بسم الله الرحمن الرحيم
Fiqh Jual Beli Salam
Segala puji bagi Allah, shalawat dan salam
semoga terlimpah kepada Rasulullah, kepada keluarganya, kepada para sahabatnya
dan orang-orang yang mengikutinya hingga hari Kiamat, amma ba’du:
Berikut
ini merupakan pembahasan tentang jual beli salam berdasarkan syariat Islam yang
kami tulis agar menjadi pedoman dalam praktek jual-beli salam. Semoga Allah
Subhaanahu wa Ta'aala menjadikan risalah ini ikhlas karena-Nya dan bermanfaat, Allahumma
aamiin.
A.
Ta’rif (definisi) salam
Salam atau disebut juga salaf adalah jual
beli barang yang ditunda yang disifati dan masih dalam tanggungan dengan
bayaran yang didahulukan. Para fuqaha' menamainya dengan nama bai'ul mahaawij,
karena hal tersebut merupakan jual beli barang yang gha'ib (belum ada) yang
perlu dilakukan oleh penjual dan pembeli, di mana pemilik uang butuh membeli
barang, sedangkan pemilik barang butuh memiliki uang sebelum barang itu ada
padanya untuk dipakai buat dirinya dan untuk dibelanjakan buat tanamannya misalnya
agar buahnya dapat matang dengan baik, hal ini termasuk maslahat haajiyah
(kebutuhan).
Untuk Selanjutnya pembeli disebut musallim
atau rabbus salam, penjual disebut musallam ilaih, barang yang
dijual disebut musallam fiih, sedangkan bayaran atau uangnya disebut ra'su
maalis salam.
B. Dalil disyariatkannya jual beli salam
Tentang dalil disyari'atkannya salam ada
dalam Al Qur'an, As Sunnah dan ijma'.
Ibnu Abbas radhiyallahu 'anhuma berkata:
"Saya bersaksi bahwa salaf yang ditanggung hingga waktu tertentu, telah
dihalalkan Allah dalam kitab-Nya dan diizinkan-Nya,” kemudian ia membaca firman
Allah Ta'ala:
يَا أَيُّهَا الَّذِينَ آمَنُوا إِذَا تَدَايَنْتُمْ
بِدَيْنٍ إِلَى أَجَلٍ مُسَمًّى فَاكْتُبُوهُ
"Wahai
orang-orang yang beriman, apabila kamu bermuamalah tidak secara tunai untuk
waktu yang ditentukan, hendaklah kamu menuliskannya. " (Al Baqarah: 282)

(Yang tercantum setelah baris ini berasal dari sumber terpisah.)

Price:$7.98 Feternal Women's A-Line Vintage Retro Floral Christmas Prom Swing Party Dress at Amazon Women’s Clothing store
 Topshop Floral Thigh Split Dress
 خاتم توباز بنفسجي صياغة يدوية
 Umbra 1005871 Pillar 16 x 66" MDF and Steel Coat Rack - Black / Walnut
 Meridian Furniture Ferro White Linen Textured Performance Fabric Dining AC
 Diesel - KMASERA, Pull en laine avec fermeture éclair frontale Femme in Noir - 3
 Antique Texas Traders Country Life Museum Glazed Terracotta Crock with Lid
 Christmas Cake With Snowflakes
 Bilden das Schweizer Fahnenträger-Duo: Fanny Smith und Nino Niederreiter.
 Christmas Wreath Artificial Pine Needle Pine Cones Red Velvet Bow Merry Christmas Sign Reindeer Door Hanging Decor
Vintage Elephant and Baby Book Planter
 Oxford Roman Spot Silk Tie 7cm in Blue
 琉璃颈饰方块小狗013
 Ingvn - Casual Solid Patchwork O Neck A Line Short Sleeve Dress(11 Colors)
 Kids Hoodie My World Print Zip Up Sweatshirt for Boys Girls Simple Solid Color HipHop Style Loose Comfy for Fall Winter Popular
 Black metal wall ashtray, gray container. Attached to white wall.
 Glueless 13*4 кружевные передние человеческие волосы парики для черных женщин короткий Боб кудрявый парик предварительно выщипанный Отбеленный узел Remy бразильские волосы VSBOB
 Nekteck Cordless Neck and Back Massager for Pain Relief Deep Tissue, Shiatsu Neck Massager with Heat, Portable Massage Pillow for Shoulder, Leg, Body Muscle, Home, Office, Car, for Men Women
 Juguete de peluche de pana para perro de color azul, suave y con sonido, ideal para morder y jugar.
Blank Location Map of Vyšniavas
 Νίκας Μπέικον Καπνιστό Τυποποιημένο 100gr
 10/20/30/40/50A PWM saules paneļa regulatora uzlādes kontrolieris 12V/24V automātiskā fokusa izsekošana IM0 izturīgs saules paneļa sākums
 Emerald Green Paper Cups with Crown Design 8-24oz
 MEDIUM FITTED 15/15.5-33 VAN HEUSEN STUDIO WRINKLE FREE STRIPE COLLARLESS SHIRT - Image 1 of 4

Imam Bukhari dan Muslim meriwayatkan dari
Ibnu Abbas radhiyallahu 'anhuma ia berkata:
قَدِمَ النَّبِيُّ
صَلَّى اللَّهُ عَلَيْهِ وَسَلَّمَ الْمَدِينَةَ وَهُمْ يُسْلِفُونَ فِي
الثِّمَارِ السَّنَةَ وَالسَّنَتَيْنِ فَقَالَ مَنْ أَسْلَفَ فِي تَمْرٍ
فَلْيُسْلِفْ فِي كَيْلٍ مَعْلُومٍ وَوَزْنٍ مَعْلُومٍ إِلَى أَجَلٍ مَعْلُومٍ
"Ketika
Nabi shallallahu 'alaihi wa sallam tiba di Madinah, penduduk Madinah menjual
buah-buahan dengan pembayaran di muka, sedangkan buah-buahan yang dijualnya
dijanjikan mereka dalam tempo setahun atau dua tahun kemudian. Maka Rasulullah
shallallahu 'alaihi wasallam bersabda, "Barang siapa yang menjual kurma
dengan pembayaran di muka, hendaklah dengan takaran tertentu, timbangan
tertentu dan jangka waktu tertentu." (HR. Bukhari dan Muslim)
Ibnul Mundzir berkata, "Telah ijma'
orang yang kami hapal dari kalangan ahli ilmu bahwa salam itu boleh."
C. Sesuainya salam dengan ka'idah syari'at
dan hikmah disyariatkannya salam
Salam sejalan dengan syari'at, tidak ada
yang menyalahi qiyas. Hal itu, karena sebagaimana boleh ditunda pembayaran
dalam jual beli, maka boleh juga ditunda barangnya dalam salam tanpa ada
perbedaan di antara keduanya. Perlu diketahui, bahwa syariat salam ini tidaklah
masuk ke dalam larangan Nabi shallallahu 'alaihi wa sallam yaitu larangan seseorang
menjual barang yang tidak ada padanya sebagaimana dalam hadits Hakim bin
Hizaam, "Janganlah kamu menjual barang yang tidak ada padamu."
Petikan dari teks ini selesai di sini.